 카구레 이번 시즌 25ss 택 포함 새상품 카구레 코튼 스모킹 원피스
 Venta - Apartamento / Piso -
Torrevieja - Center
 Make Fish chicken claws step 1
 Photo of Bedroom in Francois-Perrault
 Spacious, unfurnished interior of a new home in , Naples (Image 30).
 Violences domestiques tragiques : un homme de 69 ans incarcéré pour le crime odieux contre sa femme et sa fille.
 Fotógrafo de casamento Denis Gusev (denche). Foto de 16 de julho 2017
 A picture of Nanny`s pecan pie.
---
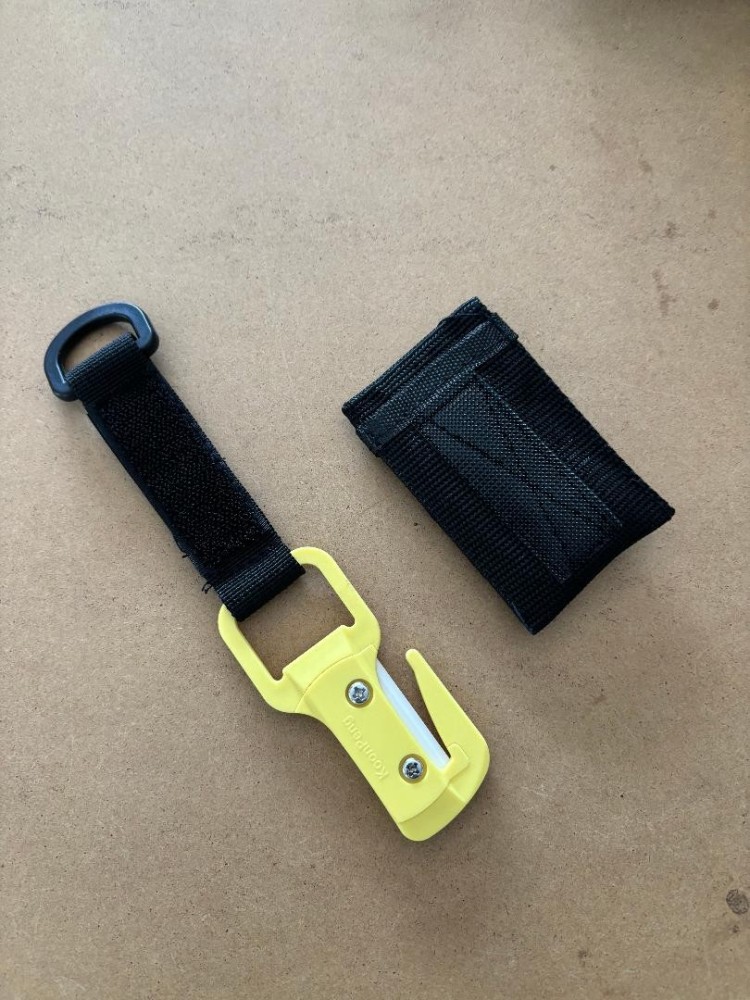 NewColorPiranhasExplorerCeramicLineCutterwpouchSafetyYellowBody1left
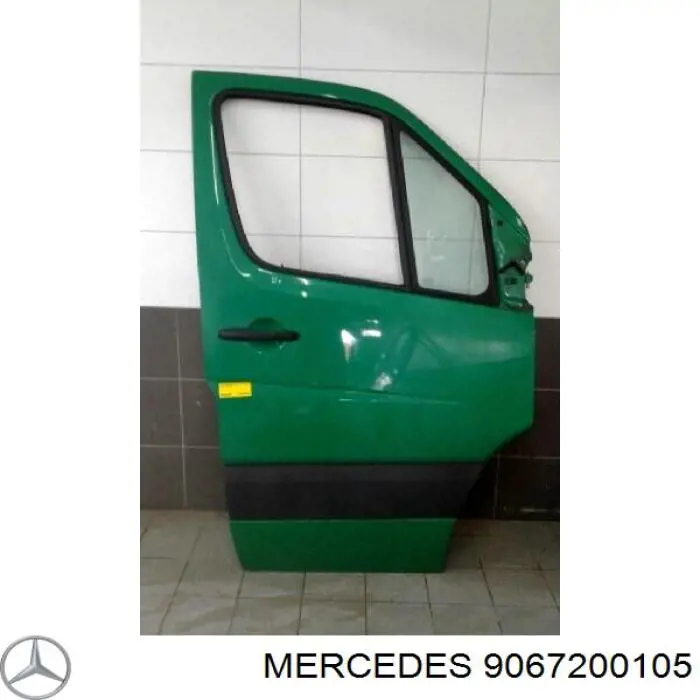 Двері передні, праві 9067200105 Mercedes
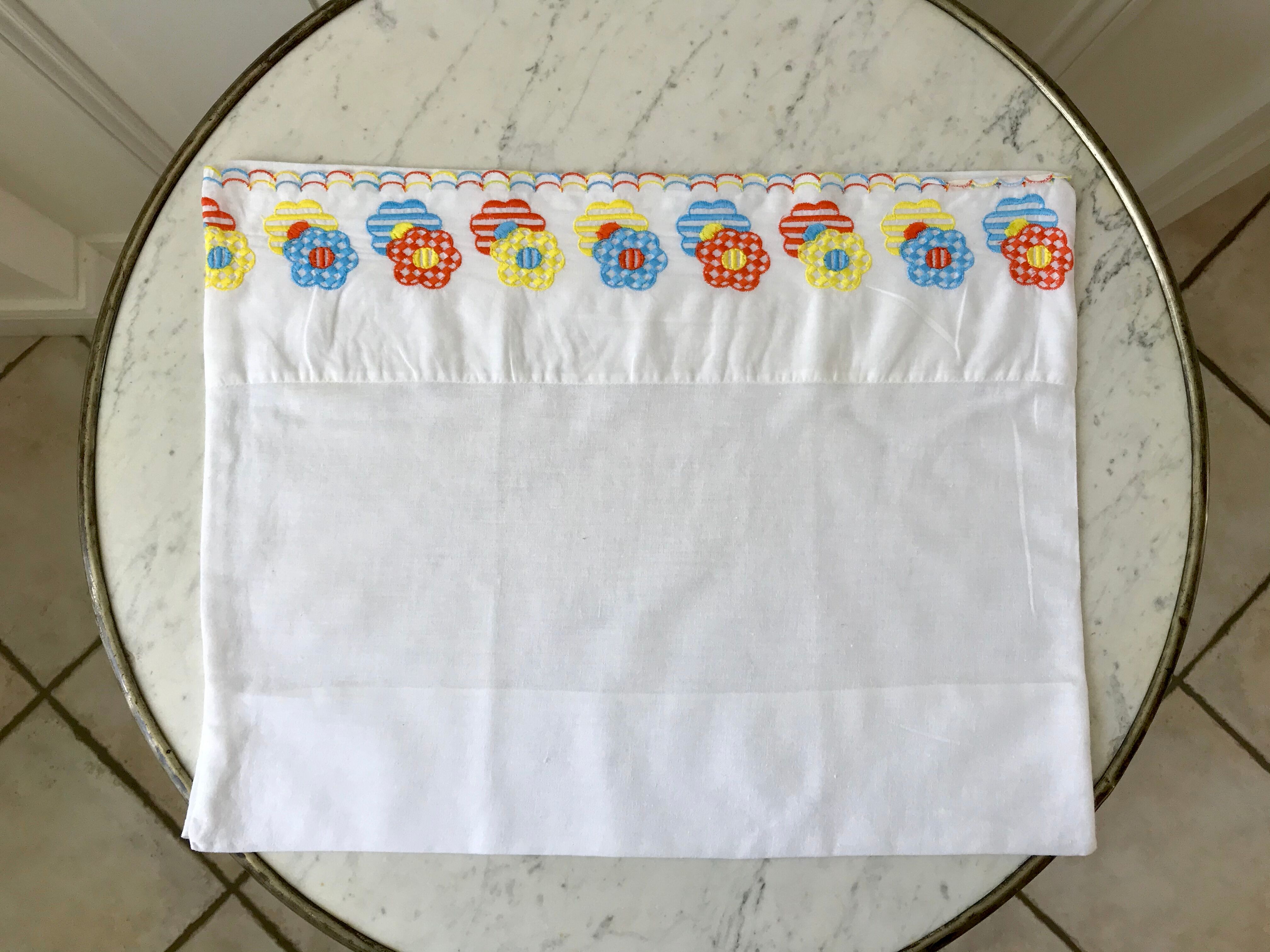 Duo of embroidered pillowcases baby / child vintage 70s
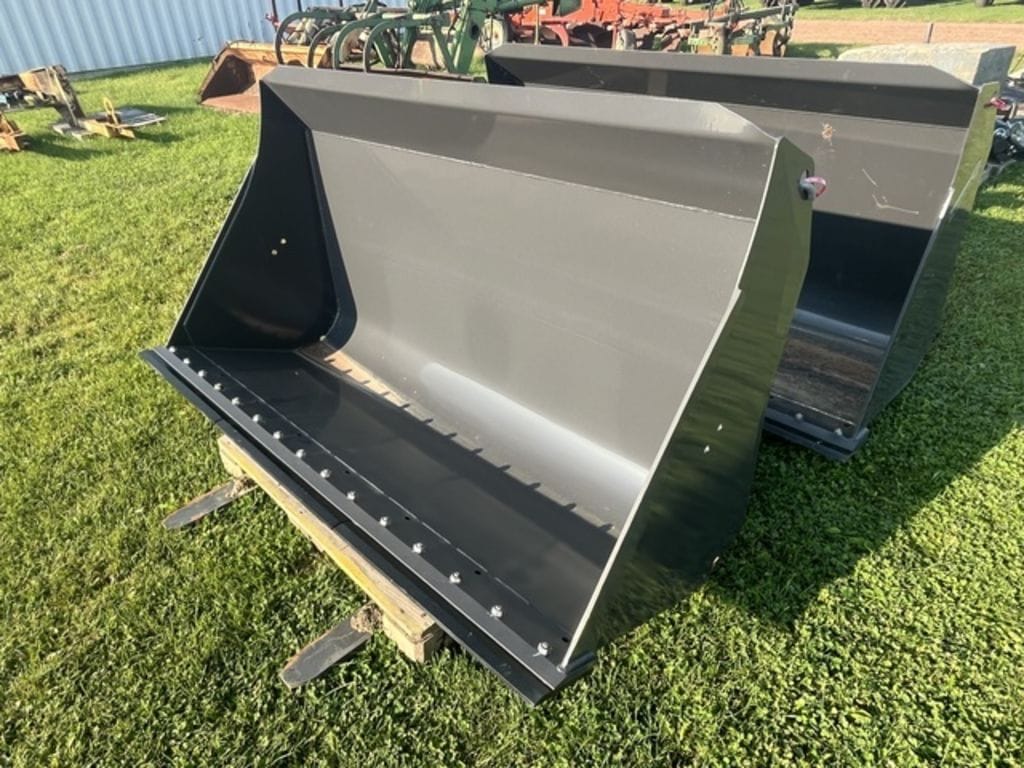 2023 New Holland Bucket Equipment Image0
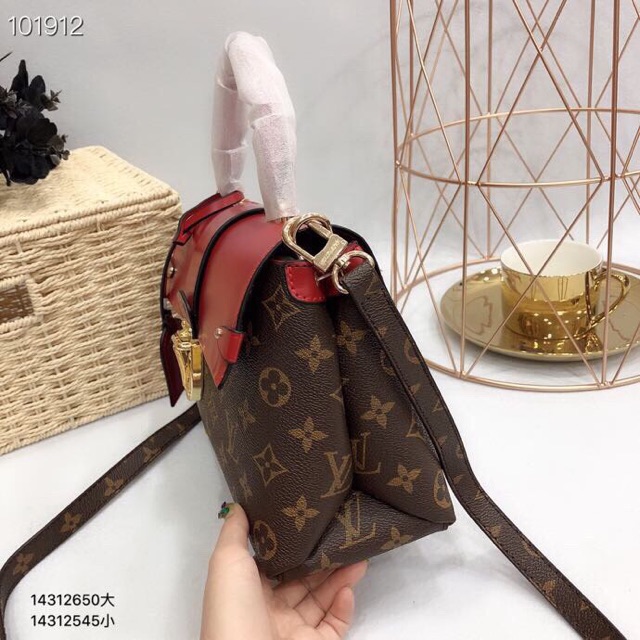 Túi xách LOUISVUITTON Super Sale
==
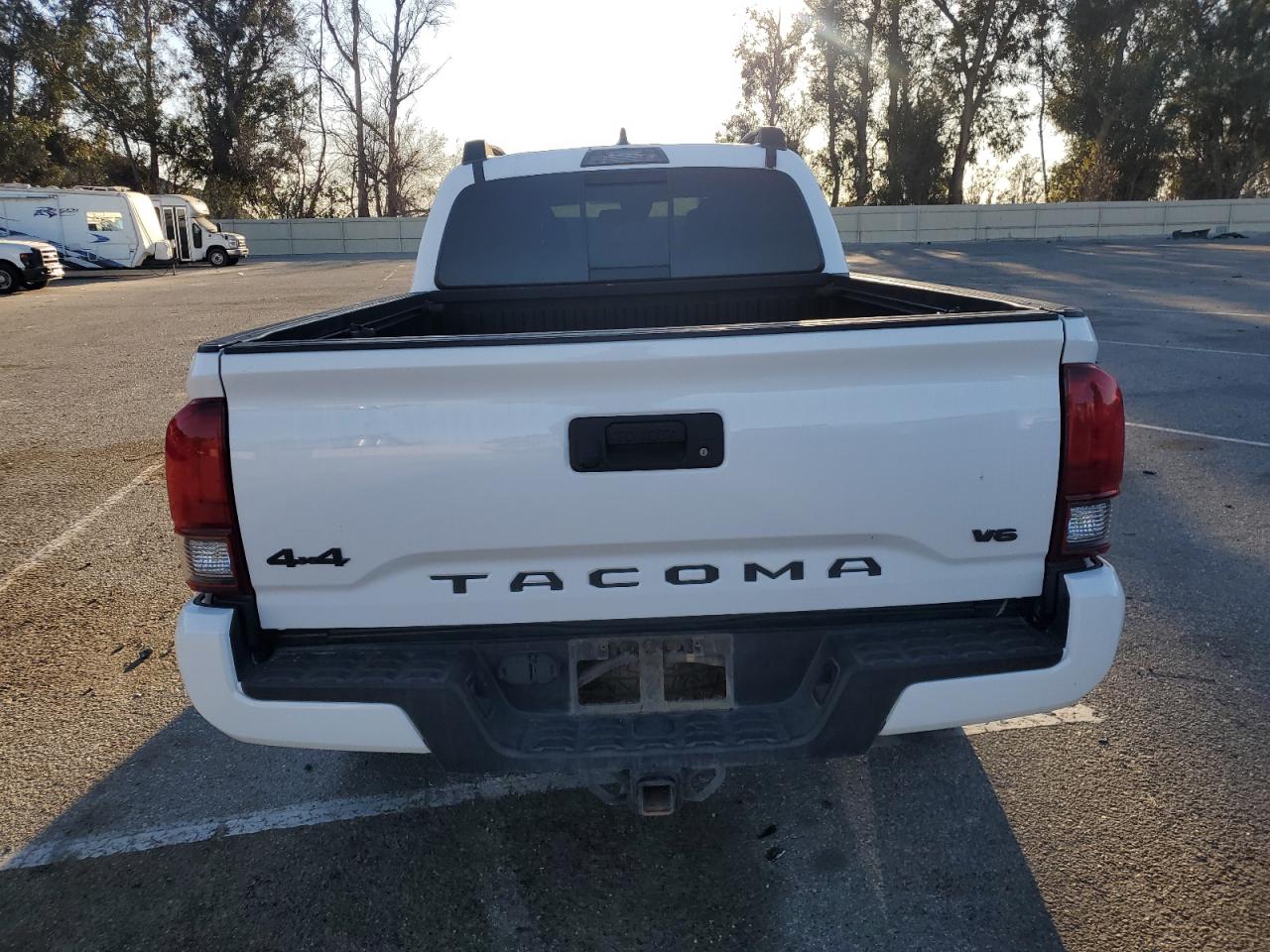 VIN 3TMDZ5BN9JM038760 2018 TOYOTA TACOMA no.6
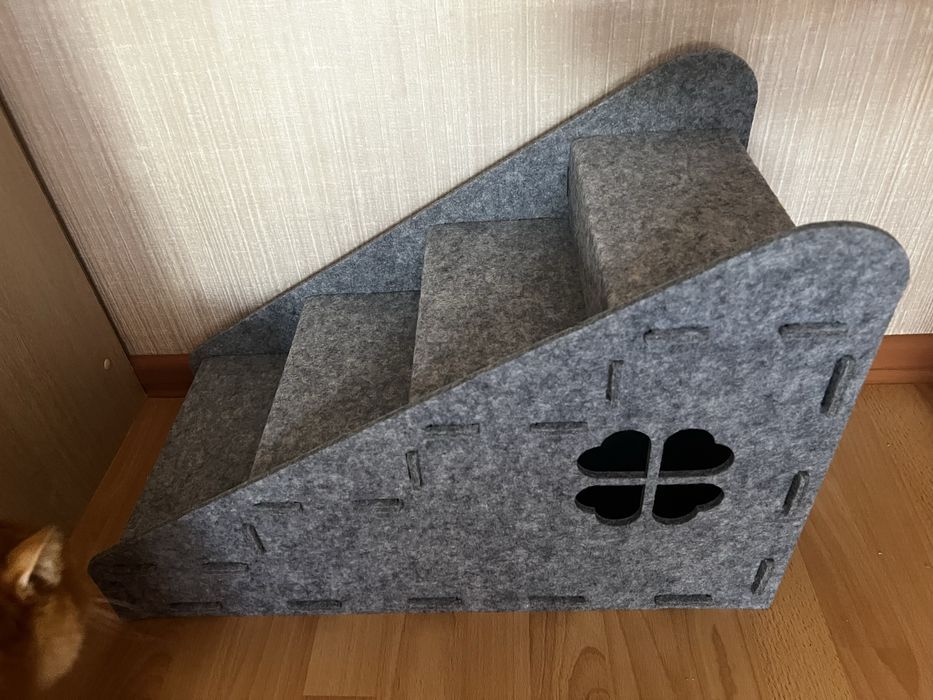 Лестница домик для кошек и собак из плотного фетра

WHAT YOU SHOULD DO:
Above are some lines. Repeat exactly, and only, those from the line that has "Fotógrafo de casamento" through the line that has "A picture of".

WRITTEN RESPONSE:
 Fotógrafo de casamento Denis Gusev (denche). Foto de 16 de julho 2017
 A picture of Nanny`s pecan pie.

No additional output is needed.